ENTRETIEN AVEC LA RÉALISATRICE SABRINA NOUCHI
Quel était l’objectif principal de ce film sur le viol ?
L’objectif central de ce film était de présenter une diversité de victimes, d’accusés et de contextes variés dans lesquels les viols peuvent se produire. Il visait à susciter une réflexion et une discussion ouverte sur ce sujet souvent entaché de préjugés dans l’opinion publique, en mettant en lumière une pluralité de perspectives et de réalités.
Comment le film aborde-t-il la question du viol d’une manière différente des autres films traitant du même sujet ?
ÇA ARRIVE est une fiction qui a pris pour parti d’adopter une approche réaliste, quasi documentaire, en utilisant tous les protagonistes impliqués dans une affaire de viol.
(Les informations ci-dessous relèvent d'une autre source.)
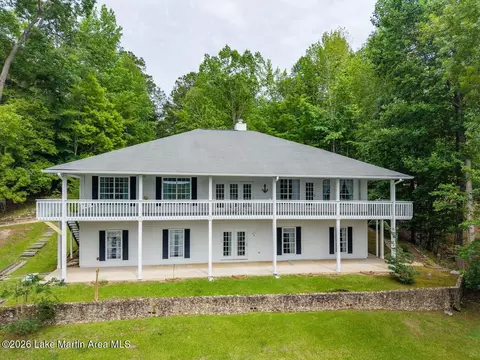 136 Mountain Laurel Cir, Jacksons Gap, AL 36861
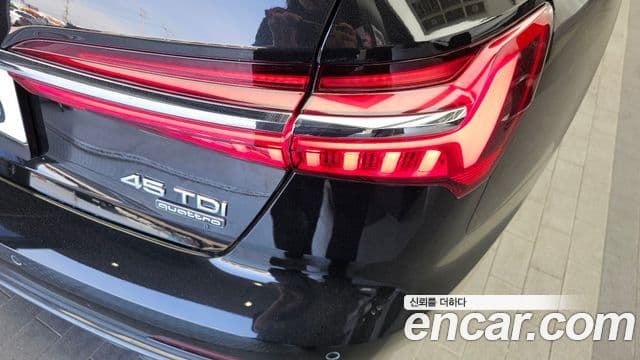 Audi A6 2020 — Şəkil 33/35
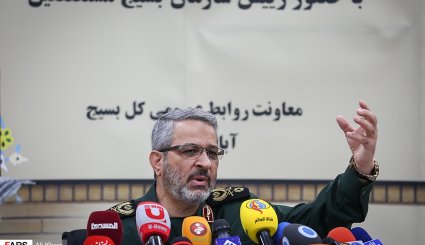 نشست خبری رئیس سازمان بسیج مستضعفین + تصاویر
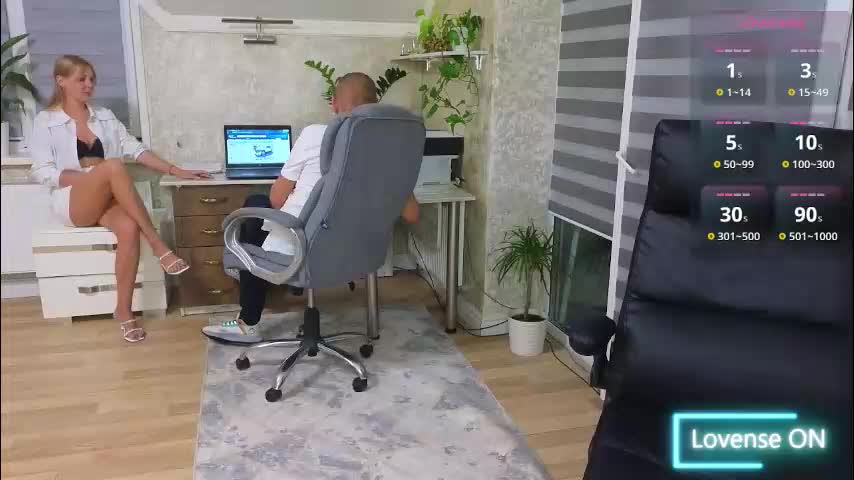 karinadeniss Cam Model Chat October 7, 2025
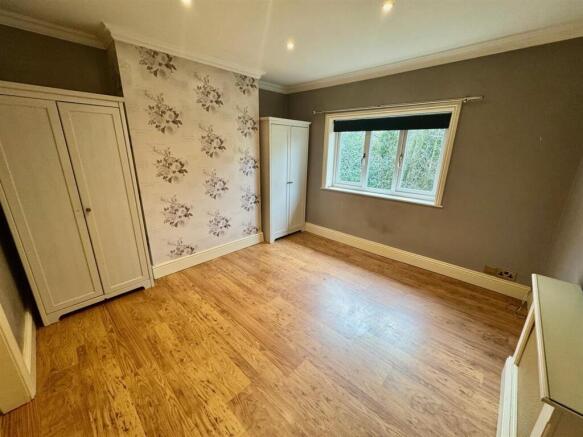 Bedroom 2.jpg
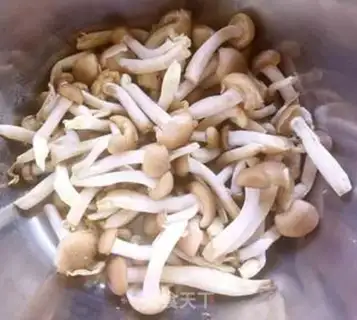 Make The pasta soup step 4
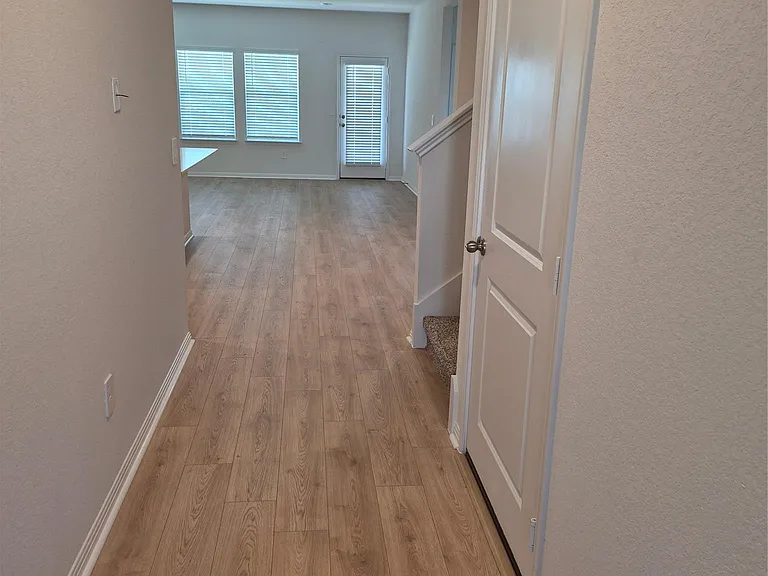 1816 Dandy Brush Dr — Photo 3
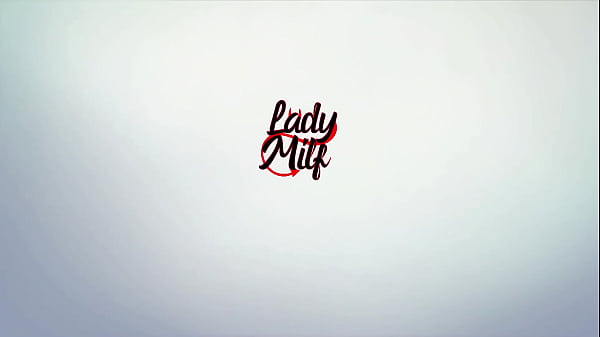 Trío caliente con una pareja de amigos que necesitaban darle un toque picante a su relación (subtítulos en español)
Ainsi, la parole est donnée à tous de manière équitable pour permettre au spectateur d’entrer aussi bien dans la peau des plaignants, des accusés, des témoins que des OPJ. L’originalité de ce film réside dans sa volonté de conserver la plus grande neutralité. Les témoignages se croisent, se contredisent, s’affrontent, et pour la plupart des affaires, le choix a été de ne pas en dévoiler le dénouement, laissant le spectateur avec pour seul juge, son ressenti. Le film oppose l’aspect factuel, cru et pénible du processus de dépôt de plainte pour viol, à l’aspect émotionnel qui nous traverse inévitablement face aux témoignages et aveux parfois presque insoutenable. ÇA ARRIVE ne défend aucune cause, ne prend aucun parti si ce n’est de mettre en lumière la réalité brute, provoquant parfois le malaise et questionnant chacun sur la place du regard porté sur l’autre.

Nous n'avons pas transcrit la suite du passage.